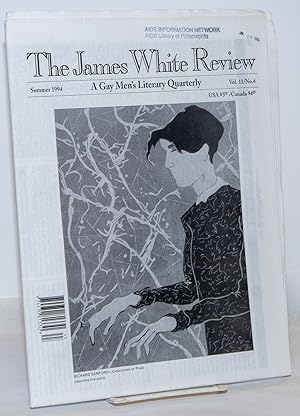 Seller image for The James White Review: a gay men's literary quarterly; vol. 11, #4, Summer 1994 for sale by Bolerium Books Inc.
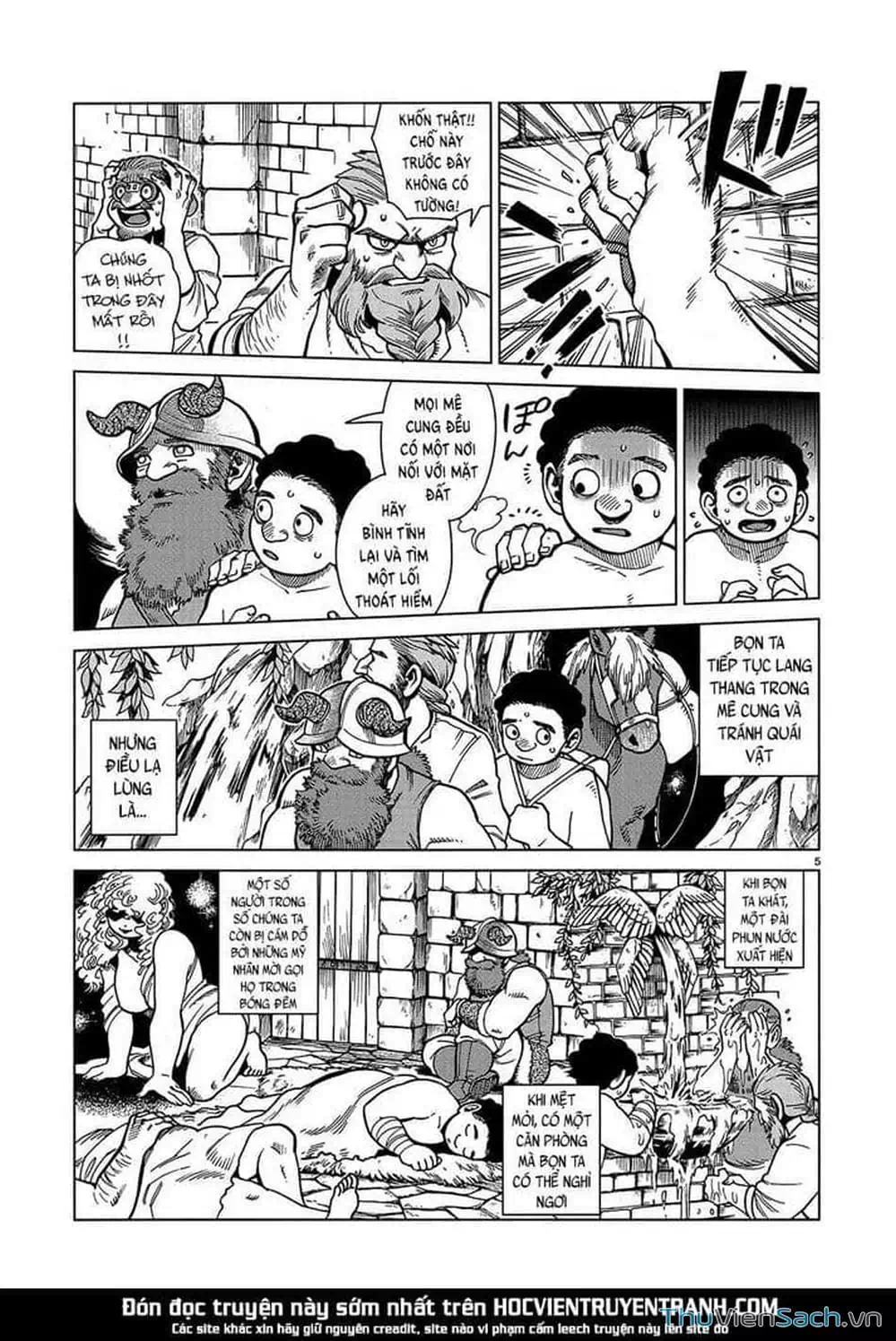 Truyện Tranh Mỹ Vị Hầm Ngục - Dungeon Meshi trang 4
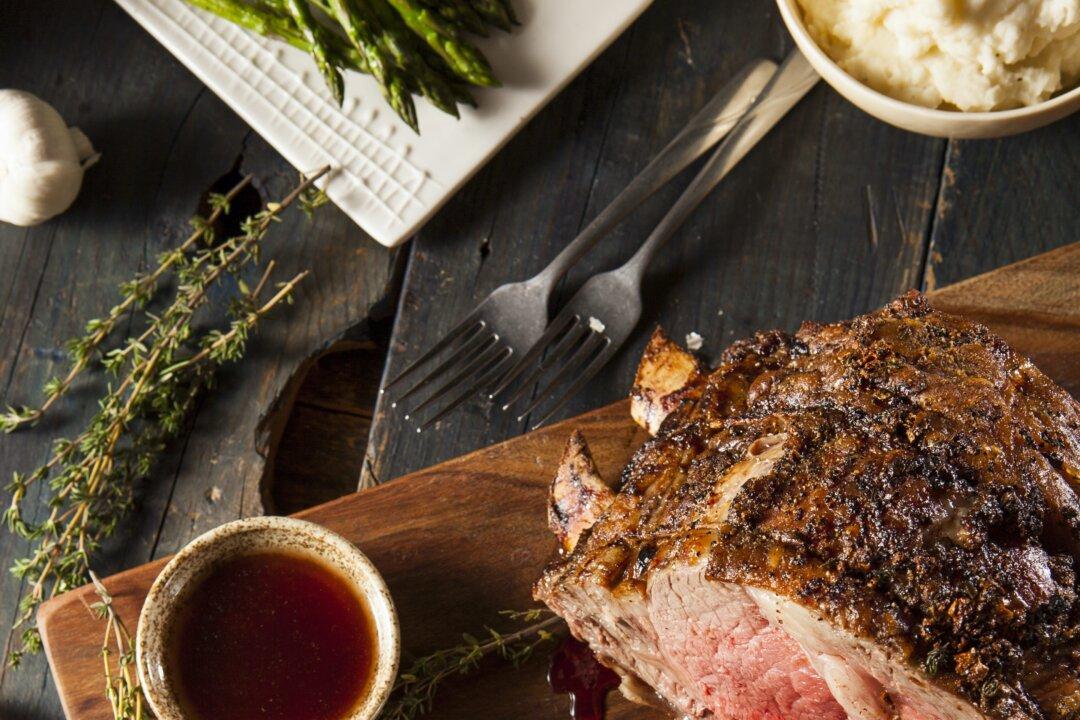 Prime Rib with Au Jus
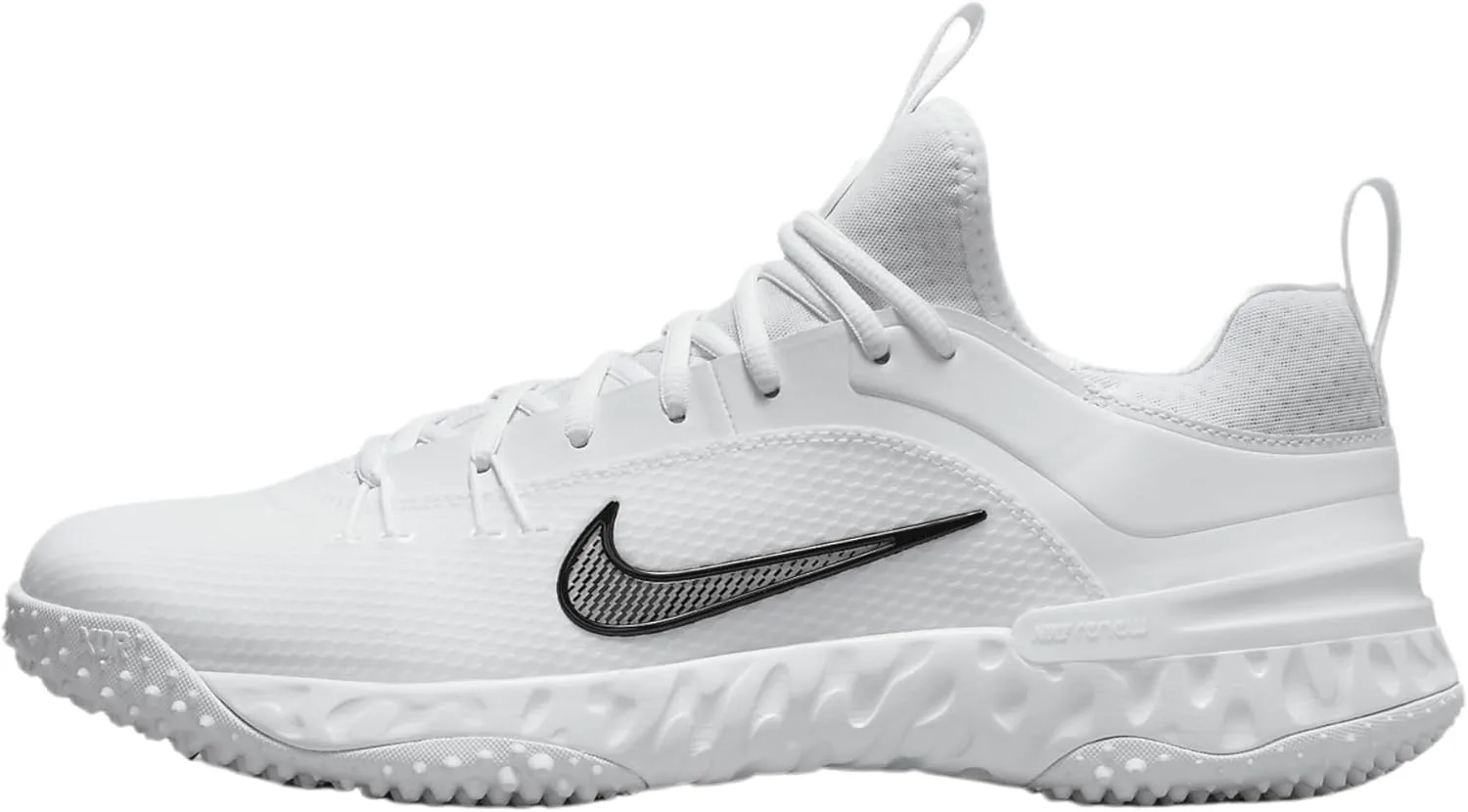 

Мужские бутсы для ла кросса Nike Huarache 9 Elite Turf, белый/черный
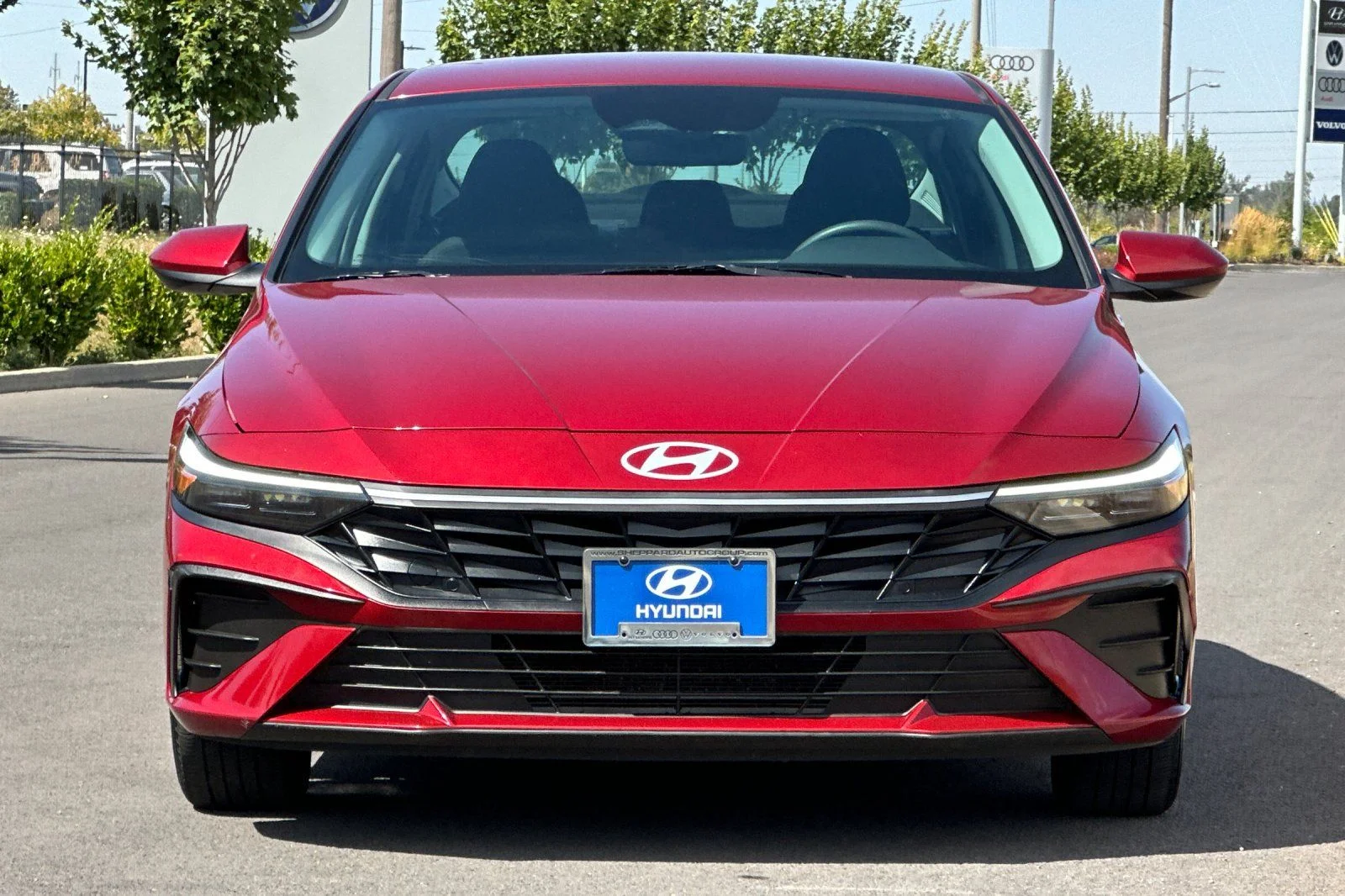 Used 2024 Red Hyundai SEL image 8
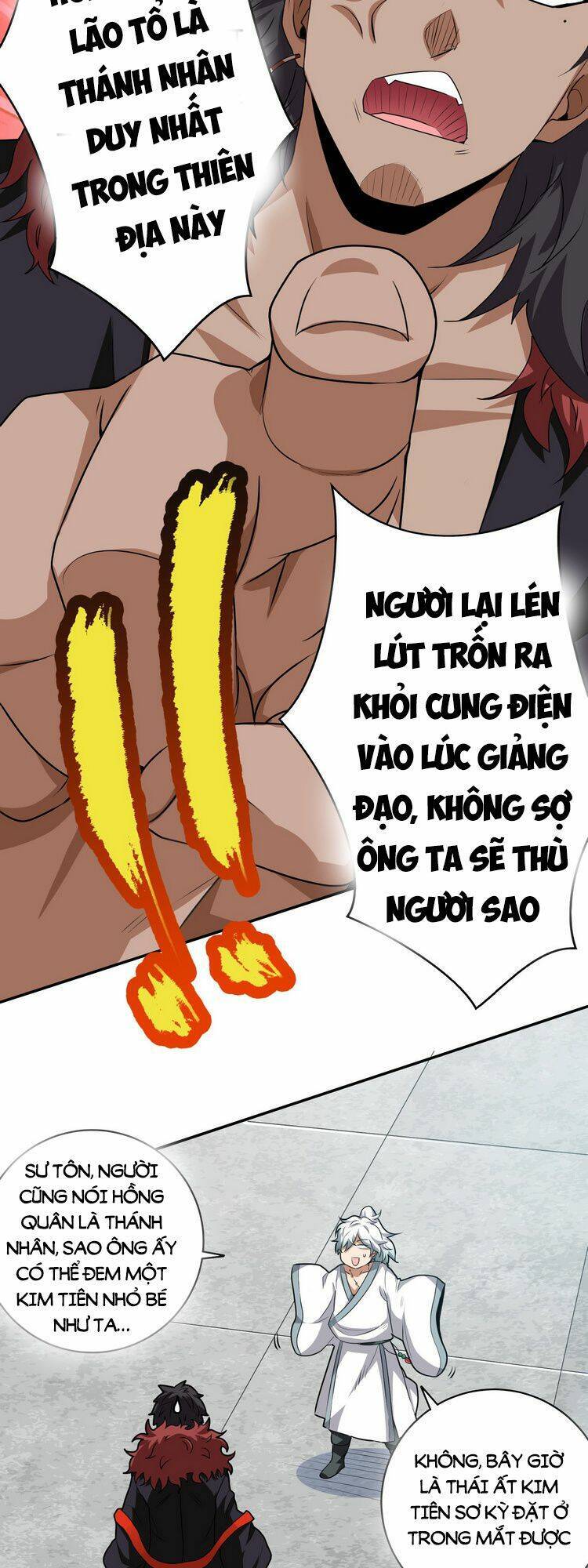 Hồng Hoang! Ta Thật Sự Không Muốn Đột Phá Chapter 4 - Trang 2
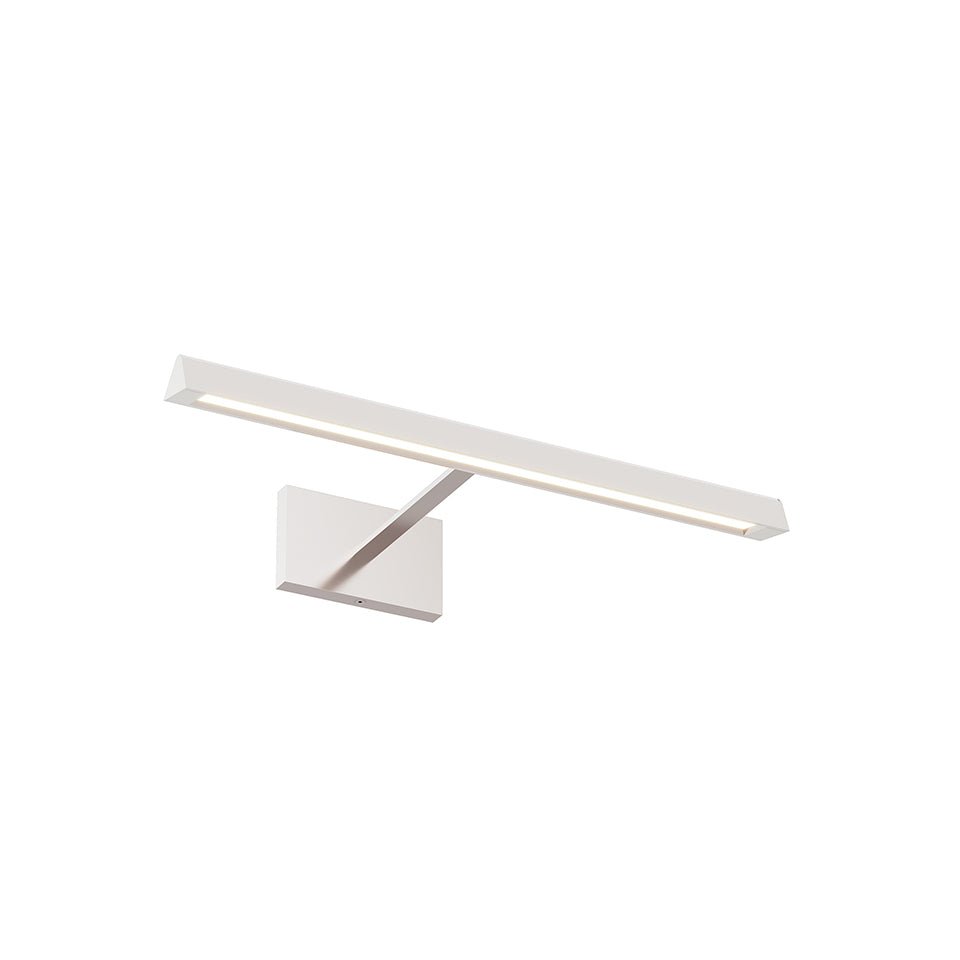 Luminaire à tableaux Dessau - Nickel poli 18" by Tech Lighting | Luminaires & cie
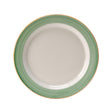 Rio Green Slimline Plate 25.5cm (10") - Pack 24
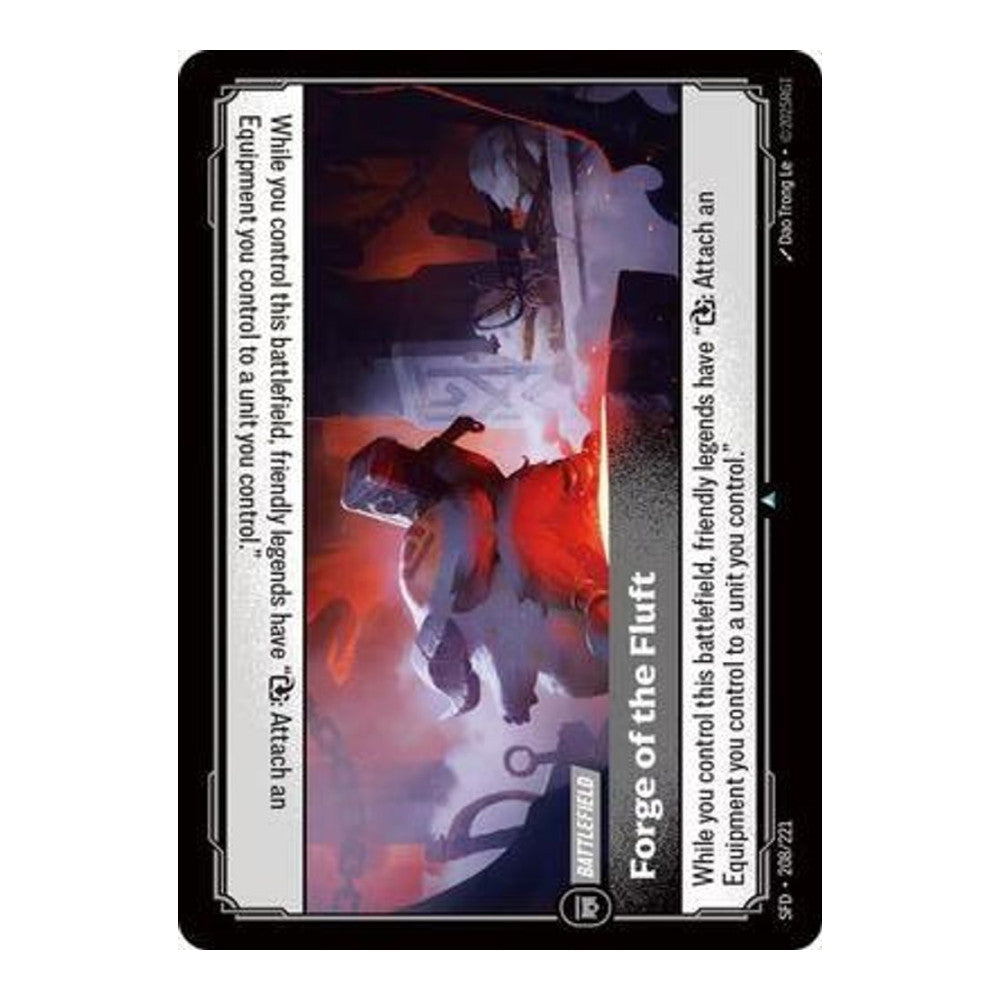 Spiritforged (SFD) - Forge of the Fluft (#208/221) (Near Mint)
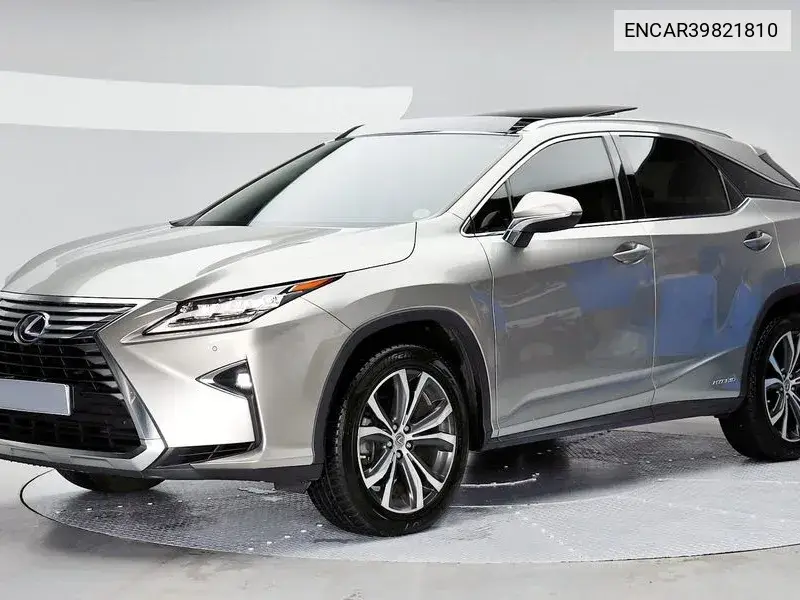 Lexus RX 2017 года выпуска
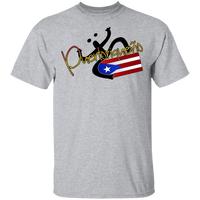 Thumbnail for Puertoriqueno  Coqui 5.3 oz. T-Shirt - Puerto Rican Pride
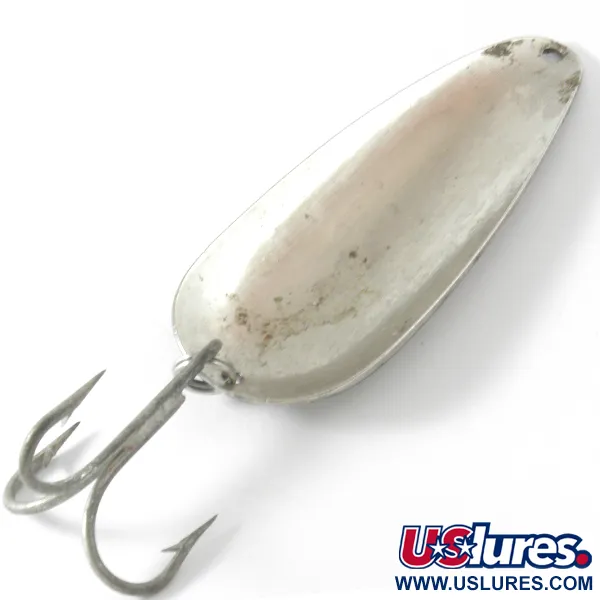 Boss Lures Boss Spoon Lusikkauistin, Green Tiger / Nickel, 19g, #4086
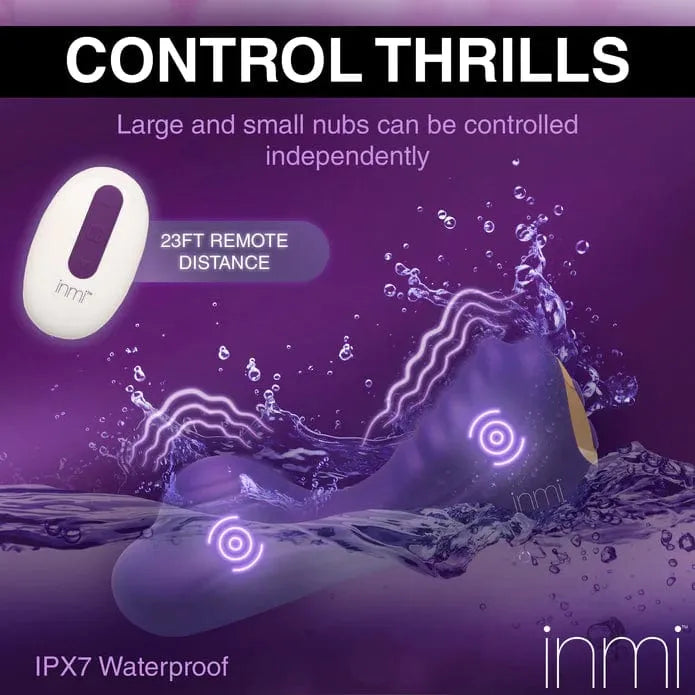 Vibrateur - Inmi - Ride N' Grind Inmi Sensations plus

-------

The problem: In your copy, leave out the pictures and reproduce the material above exactly.

Worked solution:
 Seller image for The James White Review: a gay men's literary quarterly; vol. 11, #4, Summer 1994 for sale by Bolerium Books Inc.
 Truyện Tranh Mỹ Vị Hầm Ngục - Dungeon Meshi trang 4
 Prime Rib with Au Jus

Мужские бутсы для ла кросса Nike Huarache 9 Elite Turf, белый/черный
 Used 2024 Red Hyundai SEL image 8
 Hồng Hoang! Ta Thật Sự Không Muốn Đột Phá Chapter 4 - Trang 2
 Luminaire à tableaux Dessau - Nickel poli 18" by Tech Lighting | Luminaires & cie
 Rio Green Slimline Plate 25.5cm (10") - Pack 24
 Spiritforged (SFD) - Forge of the Fluft (#208/221) (Near Mint)
 Lexus RX 2017 года выпуска
 Thumbnail for Puertoriqueno  Coqui 5.3 oz. T-Shirt - Puerto Rican Pride
 Boss Lures Boss Spoon Lusikkauistin, Green Tiger / Nickel, 19g, #4086
 Vibrateur - Inmi - Ride N' Grind Inmi Sensations plus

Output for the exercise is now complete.